In many patients mastectomy is still indicated. Factors influencing this decision are the size of the primary tumor, unfavorable localization of the tumor, multifocality or multicentricity of the cancer and finally recurrence after previous breast conserving surgery. Fortunately we have moved away from the conventional radical mastectomy and in most cases a modified radical mastectomy or skin sparing mastectomy is offered. Depending on the wishes of the patient and the size and shape of the breast, skin-sparing mastectomies can be combined with either reduction of the skin envelope or breast lift.
Replacement of the breast volume and regaining the shape of a natural breast may be achieved by using either implants or transferring autologous (body-own) tissue from the abdomen, buttocks, thighs or back.
When a primary reconstruction is envisioned the inframammary crease, the pectoral muscle and the overlying skin should all be preserved during the mastectomy procedure.

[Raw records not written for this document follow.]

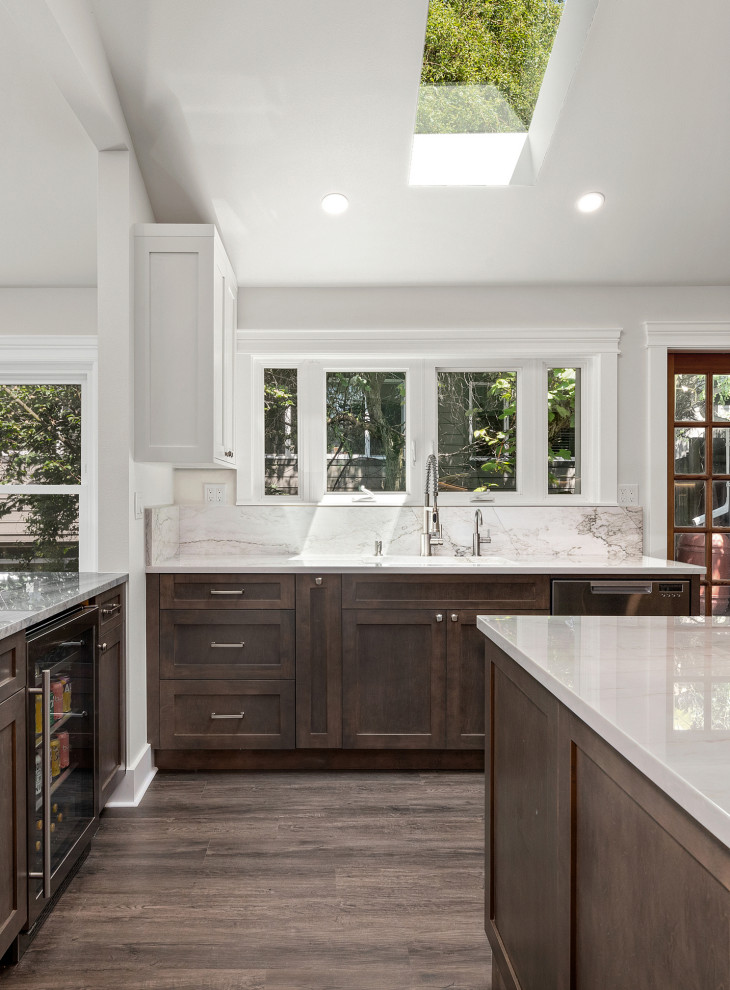 Large transitional u-shaped laminate floor, brown floor and vaulted ceiling open concept kitchen photo in Seattle with an undermount sink, shaker cabinets, dark wood cabinets, quartzite countertops, white backsplash, stone slab backsplash, stainless steel appliances, two islands and white countertops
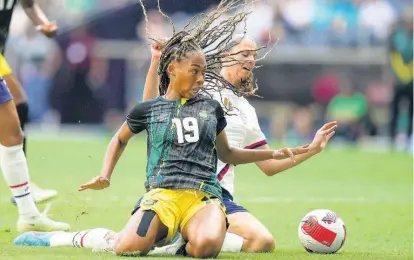  ?? AP ?? Jamaica’s Tiernny Wiltshire (front) and United States’ Sophia Smith fight for the ball during their Concacaf Women’s Championsh­ip match in Monterrey, Mexico, on Thursday.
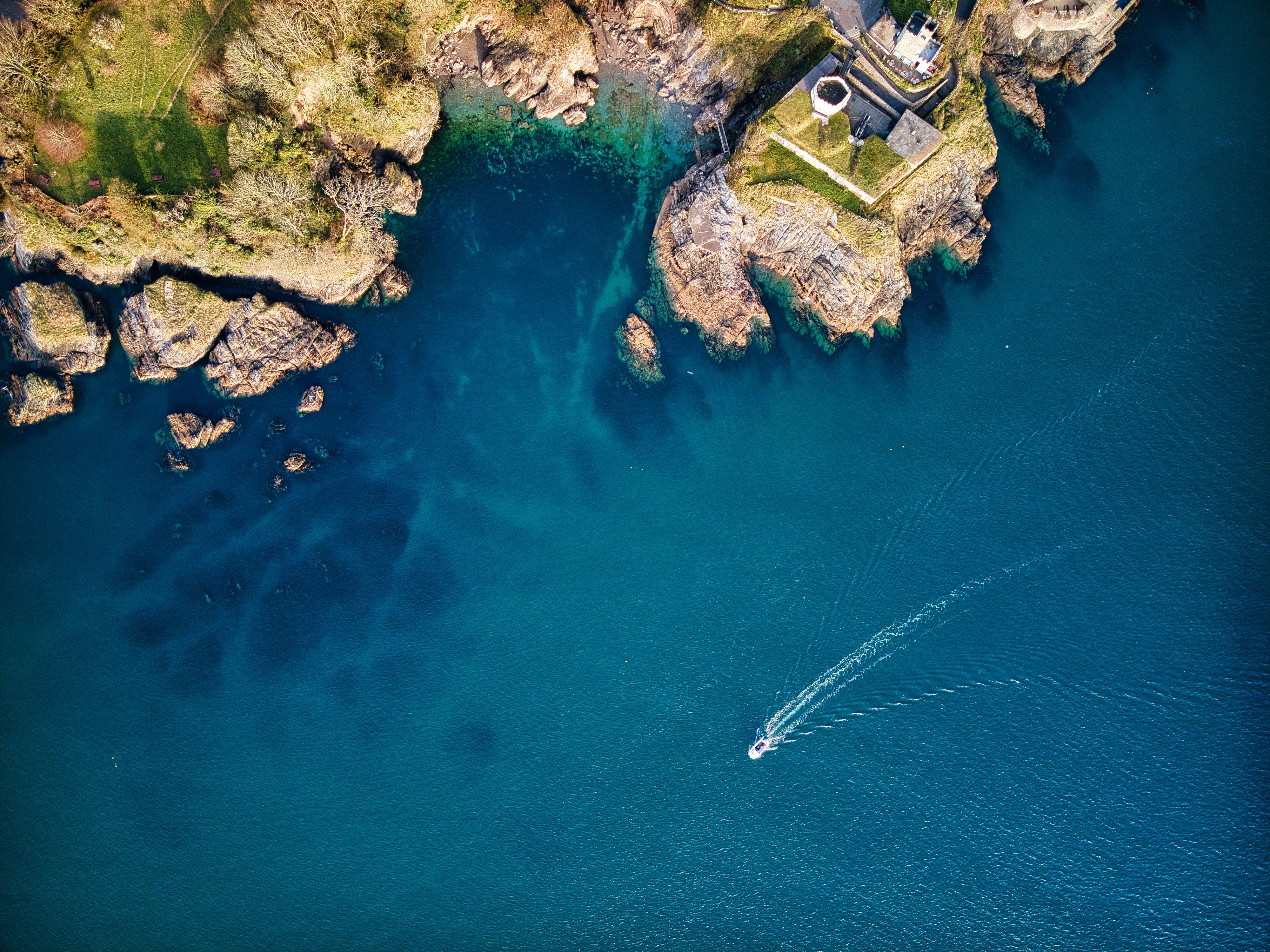 Aerial Shot of a Boat Sailing on the Sea · Free Stock Photo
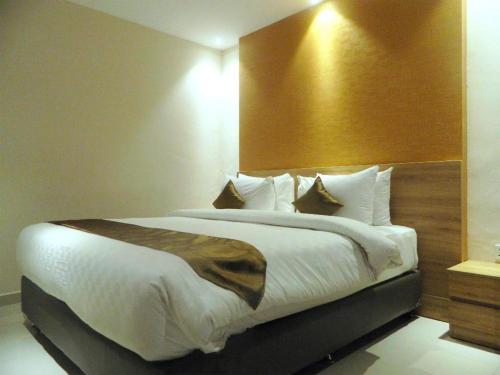 a bedroom with a large bed with a wooden headboard at Wing Hotel Kualanamu Airport in Medan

In case of shortage of breast skin the envelope needs to be replaced either by skin from the free flap or by a period of preoperative expansion in case of implant reconstruction.
When confronted with a secondary or tertiary breast reconstruction, the degree of surgical post-ablative damage and radiotherapy damage to the different anatomical structures of the breast needs to be assessed. More aggressive ablative surgery, higher doses of radiotherapy (or higher sensitivity to radiotherapy), the number and type of previous reconstructive attempts and the absence of the nipple-areolar complex will all make the reconstructive procedure more complex and negatively influence the final result.